Application Control Flow
Info
This section is under review and will be updated soon.
Within a deployment, each individual agent in the service manages: - a Tendermint Node - an ABCI application
Each of the agents - containing the ABCI app - and the Tendermint node, are implemented as a Docker image which are deployed in a 1-2-1 relationship.
The Tendermint process is managed by a separate process, via a Flask server.
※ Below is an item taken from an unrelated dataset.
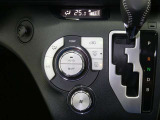 【オートエアコン】車内温度を感知して自動で温度調整をしてくれるのでいつでも快適な車内空間を創り上げます!どの席に座っても快適なドライブが楽しめます♪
The image containing the Flask server and Tendermint node are built on top of the valory/tendermint
image.
Tendermint Image control flow.
Gentle Restart flow
This can be viewed in the logs as;
tail -f /logs/node_0.txt
Monitoring thread terminated
Tendermint process stopped
Tendermint process started
Monitoring thread started
Hard Restart flow
E[2022-05-11|13:45:41.355] abci.socketClient failed to connect to tcp://localhost:26658. Retrying after 3s... module=abci-client connection=query err="dial tcp 127.0.0.1:26658: connect: connection refused"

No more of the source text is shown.